The first statement dimensions a variable of type Single. You use Single because Opacity works with values of 0 to 1. Integers don't support decimal places. In fact, I wasn't paying attention when I first wrote this code, and I used an integer, which obviously failed. It took me a minute or two to realize what I had done wrong. The next statement starts the For... Next loop. It initializes the variable to 1, and Step indicates that the variable decrements by .05 each time the loop starts a new iteration. The third line sets Opacity of the form to the value of the variable. The next line (after the comment) calls the Refresh() method of the form, which forces it to repaint itself. If you don't do this, Windows might not get around to repainting the form between iterations. Comment out the Refresh() statement to see what happens in that case.

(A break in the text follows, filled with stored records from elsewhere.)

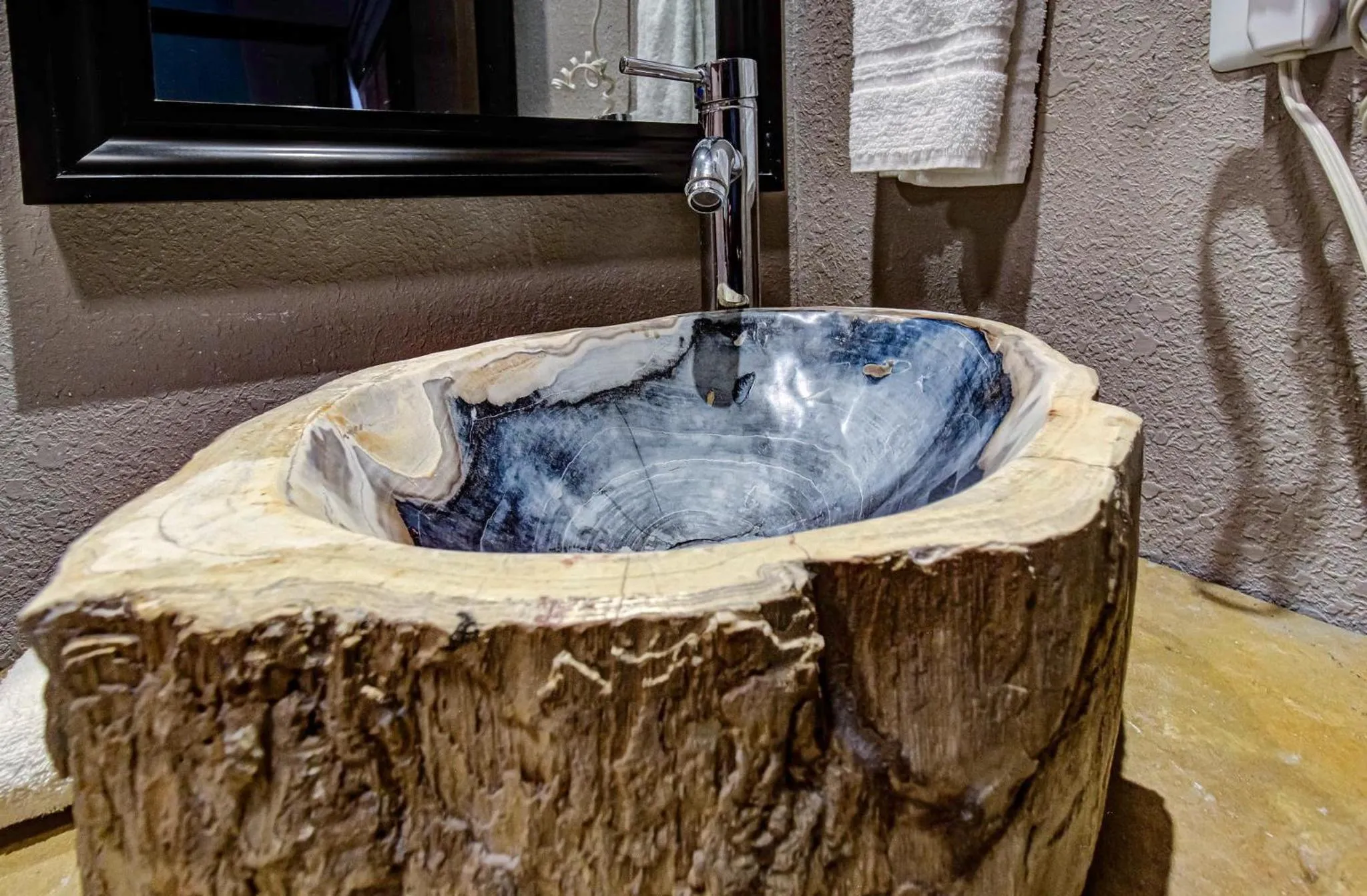 Bathroom in Brookside Lodge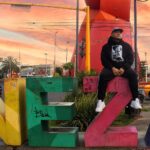 Aczino Instagram - Mañana estrenamos “NEZA” feat @therealkidfrost Producida por mis hermanos @scoopdeville y @hetgrenci con la fotografía y dirección del maestro @estevanoriol 🔥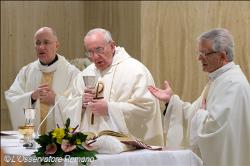 El amor de Dios ajusta nuestras historias de pecadores, dijo el Papa en su homilía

The Sleep statement tells Visual Basic to pause. The number in parentheses is the number of milliseconds to wait. You could use another For... Next loop to create a pause, but then the duration of the pause would depend on the speed of the user's computer. Using Sleep enables you to ensure that the pause is consistent across all machines that execute this code. The Next statement sends execution back to the For statement, where the variable is decremented and tested to make sure that we haven't reached the Stop value.

When the loop finishes, the form fades away. The last statement simply sets Opacity back to 1, showing the form.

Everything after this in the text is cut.